Pay adjunct faculty a decent salary
Received wisdom has it that the more education we acquire, the better our life prospects – the broader our vistas, the greater our earning potential, the longer our lives.
That easy assumption has come under serious question in the last couple of years, however, as the pitiable state of many of the adjunct instructors and professors who teach undergraduates in our colleges and universities has come to light. Despite toiling for years in the scholastic groves and attaining the highest of academic ranks, many are barely scraping by, having to cobble together a living through freelance, part-time teaching jobs that offer no security, no benefits and barely enough in salary to cover rent and food. Some of this learned horde have had to turn to SNAP or other forms of government assistance. In this region, the plight of many adjuncts has taken on an extra measure of importance following the death last month of Margaret Mary Vojtko, a Duquesne University adjunct professor who was impoverished when she died despite a long career in which she was held in high esteem by students and colleagues.

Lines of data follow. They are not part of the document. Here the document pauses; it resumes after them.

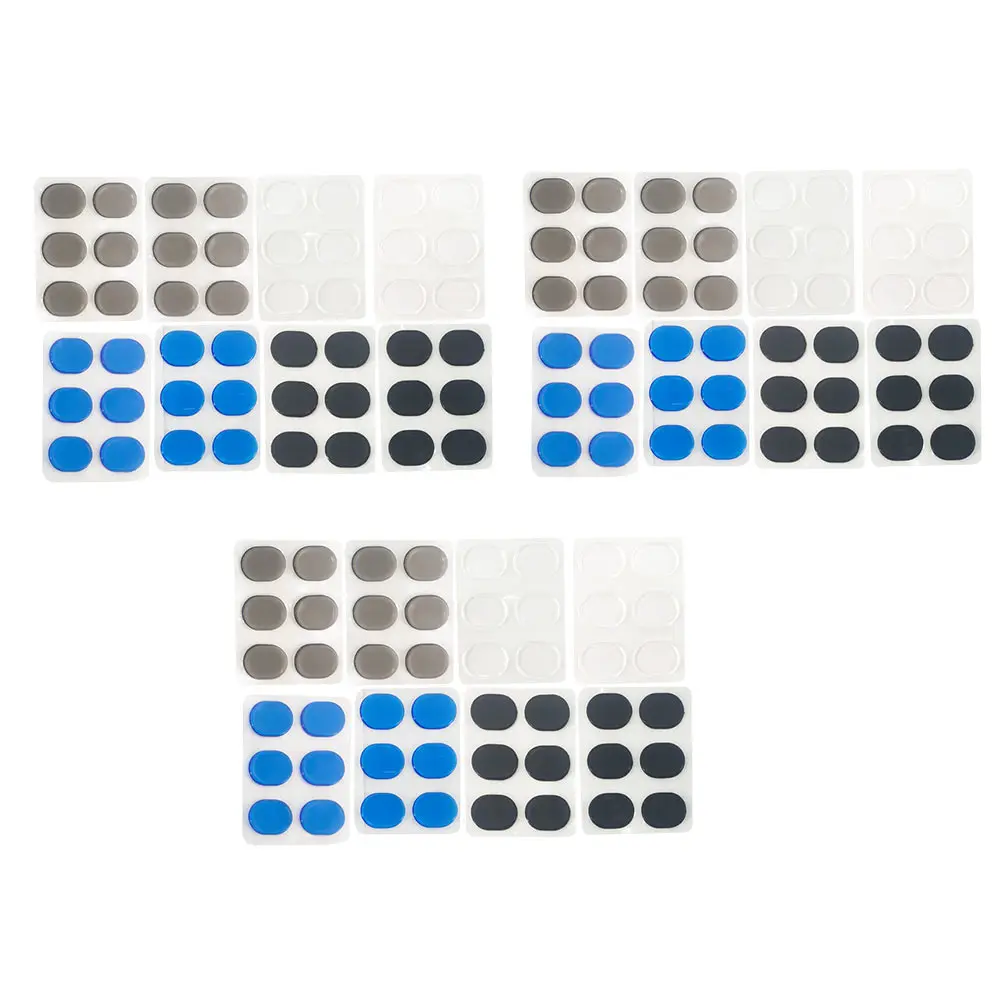 

48pcs Drum Dampening Gel Pads Reusable Silicone Mats Quiet Practice Home Concerts Four Color Matching Drum for Drummers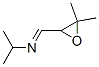 2-Propanamine,  N-[(3,3-dimethyl-2-oxiranyl)methylene]- Struktur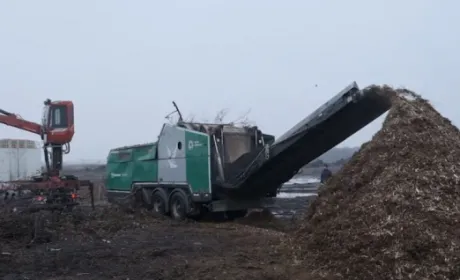 У Черкасах деревні та рослинні відходи переробляють на паливо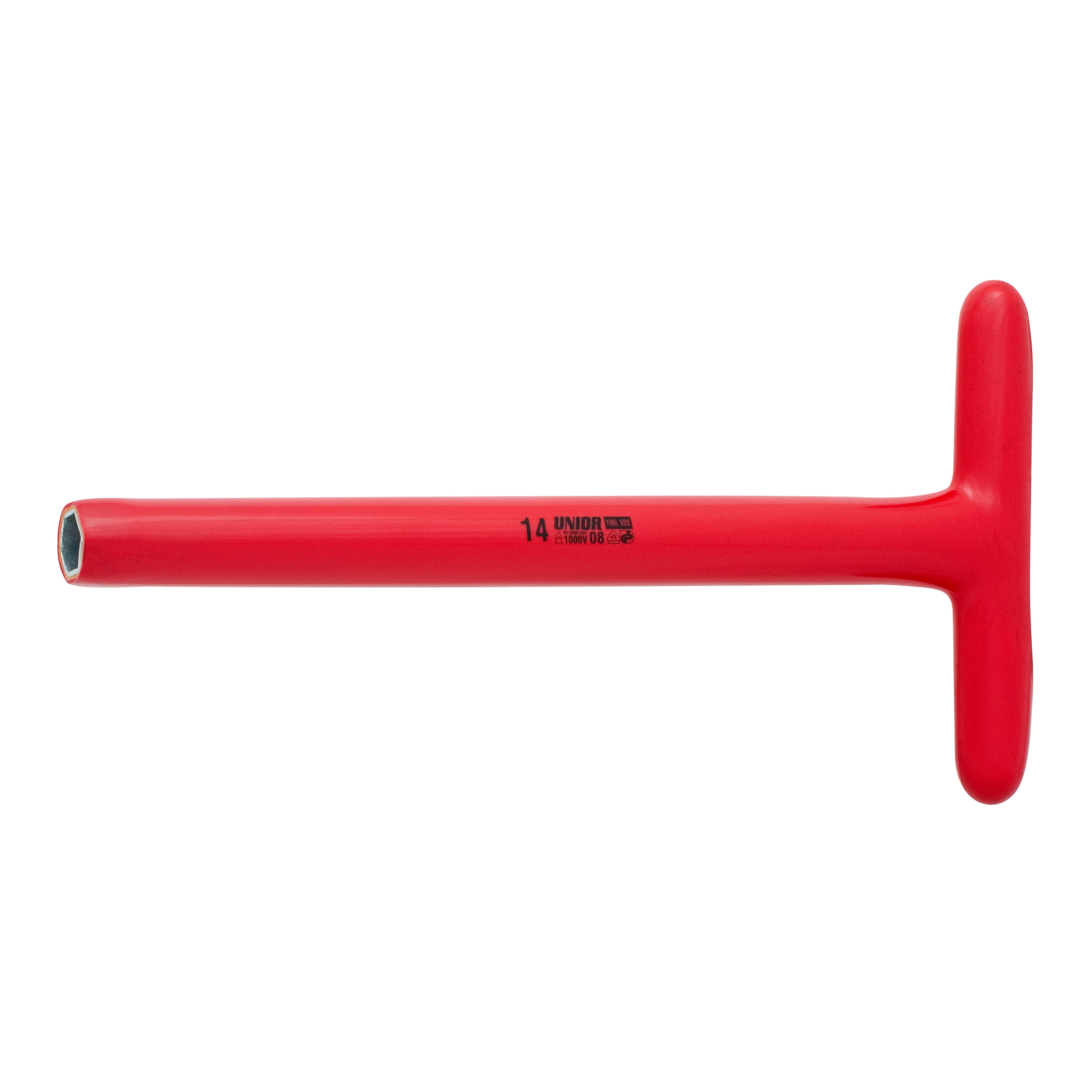**VDE Dopsleutel met T-greep, lang 196/2LVDEDP 10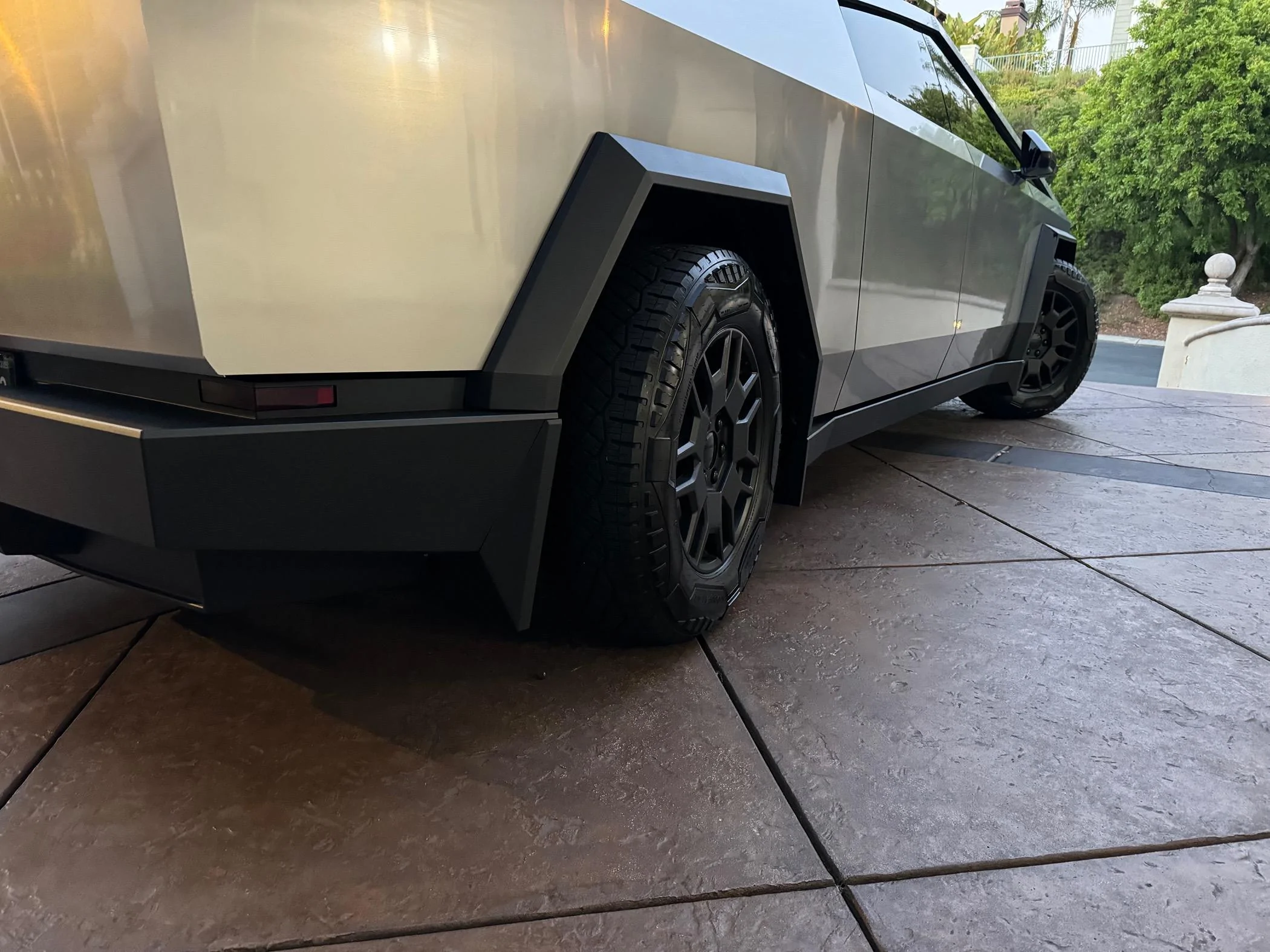 Tesla Cybertruck Tesla Mud Flaps - installed pics photos IMG_1316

What makes this all the more troubling is that the use of “contingent faculty” has increased at the same time that the cost of tuition has skyrocketed. In 1970, part-time faculty had 22 percent of the teaching jobs at colleges and universities, according to the Service Employees International Union, which has been working to get union representation for part-time instructors. That number increased to 34 percent in 1987 and reached 50 percent in 2011. Health insurance is a rarity for this rootless corps, as are retirement benefits, and the average compensation rate for adjuncts is about $3,000 for a semester-long class. Given the effort that must be put into preparing a course, lecturing students, grading papers and tests and maintaining office hours, few would disagree that being paid a mere $3,000 is penurious.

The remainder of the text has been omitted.